Color uniformity is excellent, with an average ΔE of 2.14 or lower across the panel. My colorimeter picked up fairly high contrast deviations in the upper corners of the panel, but if it wasn't for the instrument readings, I'd probably never spot them with the naked eye.

Picture Quality After Calibration

I calibrated the display by using the X-Rite i1Display Pro colorimeter and DisplayCAL software solution. Initial profiling and calibration were done with the luminance target set to 250 cd/m², which presents a happy medium for comfortable combined daytime and nighttime usage. The calibration was conducted with the adjusted settings listed above.

Here's what we get after calibrating the INNOCN 27C1U.



After a proper hardware calibration, the INNOCN 27C1U becomes an entirely different beast. Suddenly, all of its issues are gone. The gamma now measures very close to our desired value of 2.2, and the color accuracy, well, just look at the chart. The average ΔE dropped from ΔE 3.24 to ΔE 0.4, and the maximum ΔE went from 8.39 to 1.58. That's an impressive improvement in color accuracy, one that makes this monitor a viable choice for color-critical work. We're talking about the same monitor that wasn't appropriate for anything even remotely demanding in terms of color reproduction before calibration.

Backlight Uniformity

To give you an idea of the backlight's uniformity, I set the brightness of the monitor to 250 cd/m² before taking a photo of the panel in a completely dark room. I did my best to find a combination of the ISO value and shutter speed that would capture the screen in a way that has it look as close to what my eyes were seeing in real life.

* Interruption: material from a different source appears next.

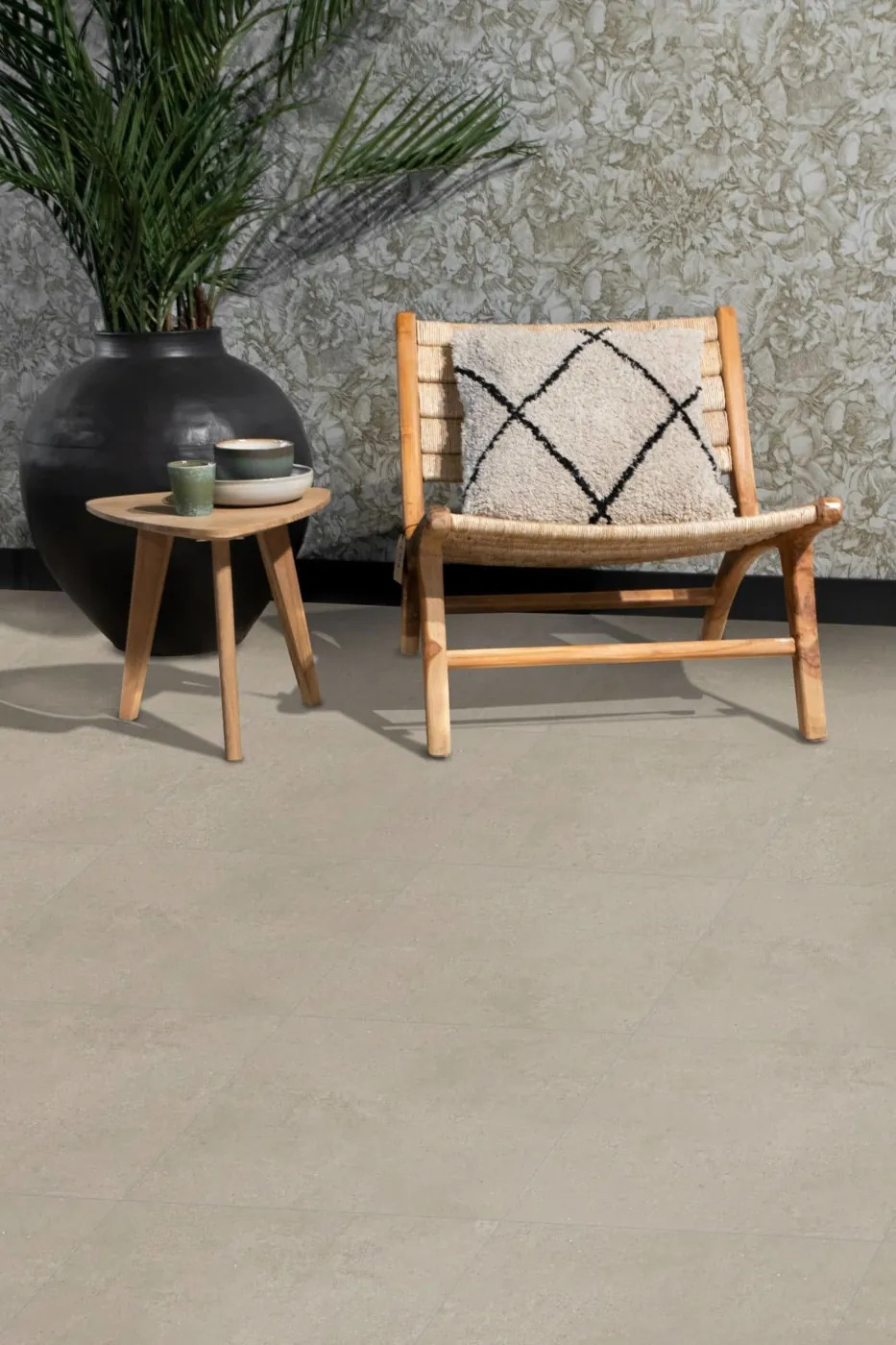 Gelasta Nova Click 7400 Arctic Sand PVC tegel click pvc in woonkamer sfeerfoto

Some backlight bleed can be spotted near the bottom-left and right corners of the panel. It isn't noticeable in real life, even when watching dark movies or playing dimly lit games.

Viewing Angles

This being an IPS panel, the viewing angles are great. There's no visible shift in colors when you change your sitting position. You'll have a lot of freedom to move your head any way you like. I didn't notice any noteworthy vignetting around the edges of the screen when viewed from a normal sitting distance.